I have a haunch that a Hate Speech Law would introduce military rigorism and authoritarianism into the body politic and would definitely erode the citizens’ fundamental human rights. The way out of hate speeches and songs, I am persuaded, is good governance. The President should steer clear of military language and take the entire nation as his own constituency, to start with. The nation’s economy is in dire straits; this calls for a definite action plan aimed at the restoration of the glorious days when each region was self-sufficient and not a leech on the centre, no thanks to the notorious section 162 of the 1999 Constitution; the country’s economy remains a mono-cultural economy in spite of the threats from the European and American worlds that it would be an offence, in the foreseeable future, for any vehicle-manufacturing company to produce any petroleum-oil-using vehicles; the infrastructural facilities in the country are either decayed or putrefying; the internecine feud in the ruling party is a clog in the wheel of good governance; the educational system is in the doldrums; the health sector is in shambles, which is why President Muhammadu Buhari has to shuttle between Abuja and London, in search of treatment, even though there are countless, highly qualified, medical practitioners in Nigeria. The Grade A roads in Nigeria are death-traps; staple foods are priced beyond the reach of the common man; the Naira-Dollar exchange rate is in the firmaments; these days, suicide has become a fashionable escape from grinding poverty…
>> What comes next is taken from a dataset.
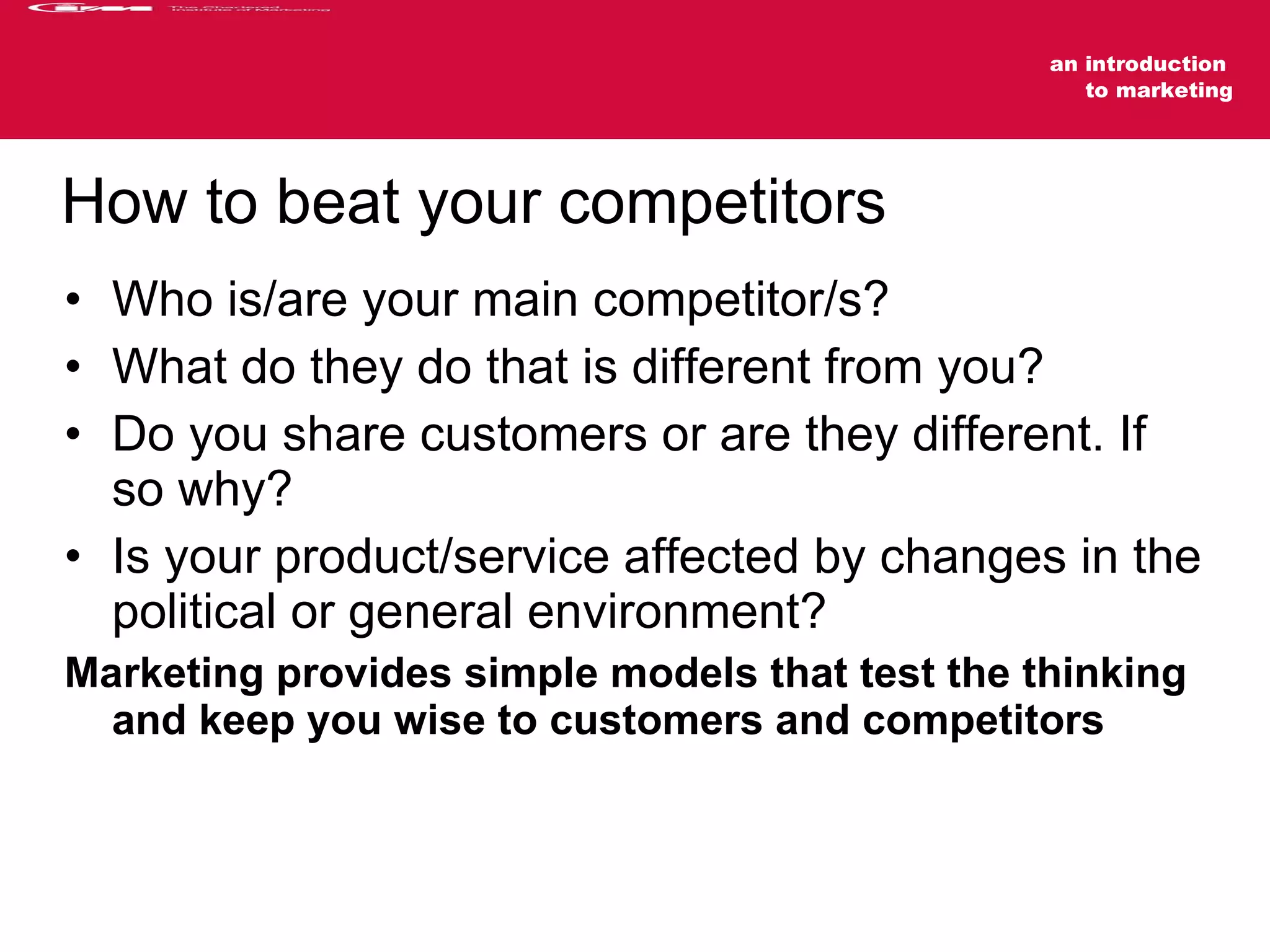 How to beat your competitors Who is/are your main competitor/s? What do they do that is different from you? Do you share customers or are they different. If so why? Is your product/service affected by changes in the political or general environment? Marketing provides simple models that test the thinking and keep you wise to customers and competitors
One big problem with Nigeria is that its leaders junket round the civilized world, see and enjoy beautiful facilities, drive, or are driven, on apian ways, stay in ten-star hotels (if there are, gamboling where the angels fear to tread), go to well-equipped hospitals in the UK, America, Germany, India, etc., and put their children in choice schools in those countries, then return to facilities-deficit Nigeria to live in their posh edifices, ride in their flashy cars and fly in their jets, leaving the very bad roads for Frantz Fanon’s wretched of the earth! These are more dangerous pockets of war (the whys and wherefores of Nigeria’s regression) than hate speech!

Nigeria has all the resources (human, mineral and material) to be a super power! These same leaders brazenly, and with aplomb, intone the indivisibility and inviolability of Nigeria as though Nigeria stood on a more solid substructure than the British Empire, India before 1948, Yugoslavia, before it balkanised into ethnic lines and Sudan, before South Sudan was born. It is high time the Nigerian Government trod on the path of civilisation: organise a plebiscite to determine the wish of the people concerning, for example, restructuring of the country, as was done in Brexit and in the referendum to determine whether or not Scotland should secede from the United Kingdom of Great Britain and Northern Ireland, and shunned militaristic threats of blood!